Although Raymond O’Toole, who was the acting testing director when the reports were released, defended the creation of a non-public version of the unclassified report by saying “I thought it very important to provide Congress and the Secretary the test evaluation details that shouldn’t wind up in our adversaries’ hands, hence the new CUI version of the annual report,” this is disingenuous at best.
Operational testing, when done properly, will find design flaws — like poor engine reliability and the fact that the F-35A’s gun doesn’t work properly — so they can be fixed before an enemy can take advantage of them.
Certainly there is information that must be classified, such as data about the F-35’s radar cross section, specific software deficiencies, and any number of other deficiencies that could be exploited. But the details DOT&E stripped from this year’s public version of its report are not the sort that would provide a potential adversary a technological advantage. Instead, it is the kind of information that, although embarrassing to the Pentagon and its contractors, the public should know in order to pressure F-35 stakeholders to take the steps necessary to correct the problems. It’s the information all public DOT&E reports have provided until now.
“The office was set up to be independent of the services,” said Tom Christie, DOT&E during George W. Bush’s first term. “The testing director has the authority to ignore the service’s directives because he answers directly to Congress.”
Members of Congress have expressed their concern about the excessive secrecy surrounding the testing results through multiple letters sent to Pentagon leaders. Congress needs to keep up the pressure to protect the testing office’s independence by making sure no future unclassified reports are stamped with any kind of phony information designation.

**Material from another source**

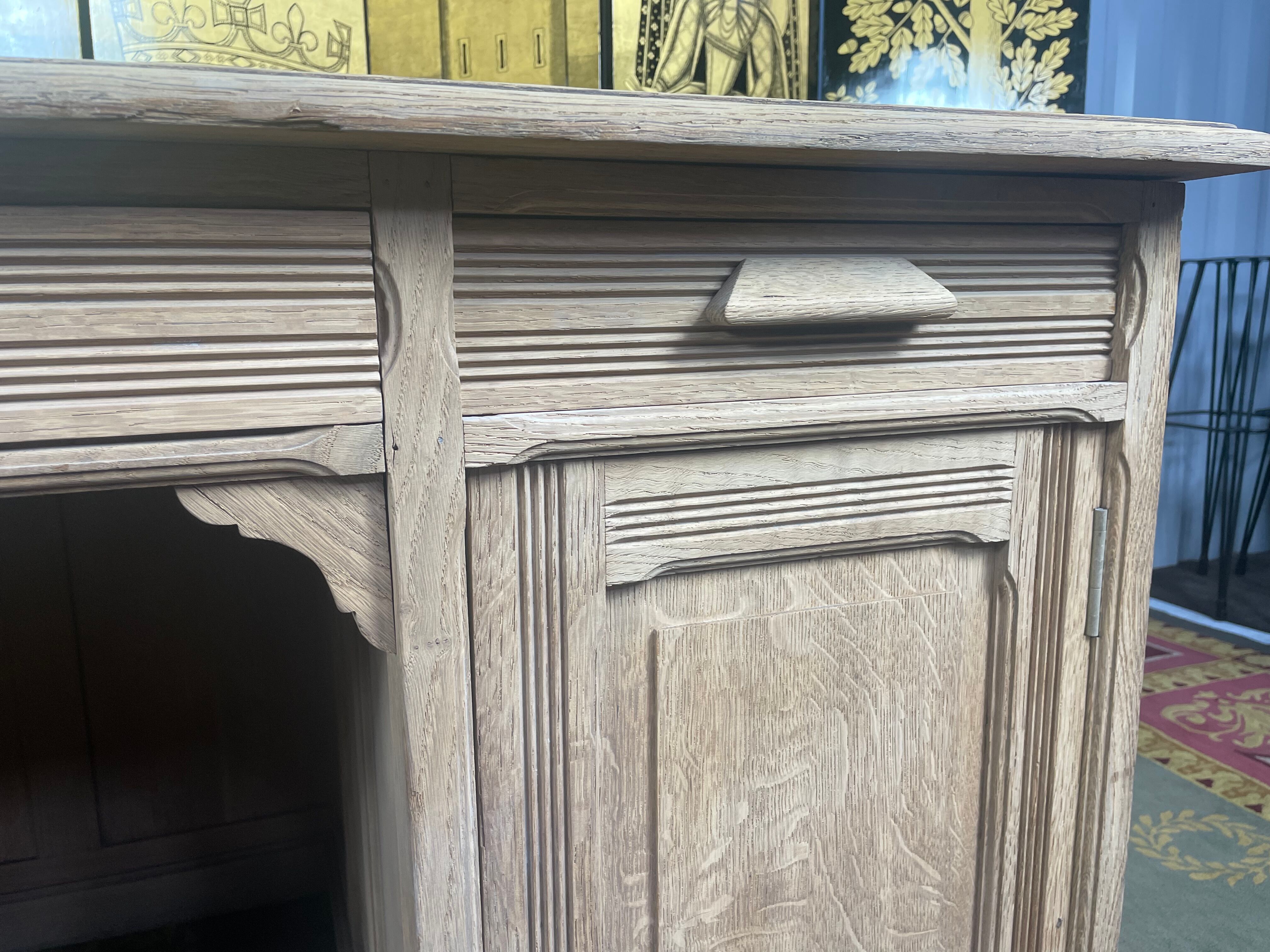 Administrative office in scrubbed solid oak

More than twenty years into the F-35’s development, the aircraft remains in every practical and legal sense nothing more than a very expensive prototype. The simple fact that the contractors and the program office haven’t been able to deliver an aircraft whose effectiveness has been proven through a full operational testing program suggests the original Joint Strike Fighter concept was flawed and beyond any practical technological reality. With little progress and significant regression in 2021, it seems that the F-35 program will remain in its current stagnant state for the foreseeable future.
Congress held firm during the fiscal year 2022 budget debates by refusing to authorize additional new F-35s beyond the Pentagon’s request. This was the first time since F-35 low-rate initial production began in 2007 that Congress didn’t increase the yearly buy. It appears that the official patience with what has been the slowly unfolding disaster that is the F-35 program is beginning to wane. Congress should continue to hold firm by limiting further F-35 purchases until program officials can complete a design that can be proven effective and suitable for service through the operational test process.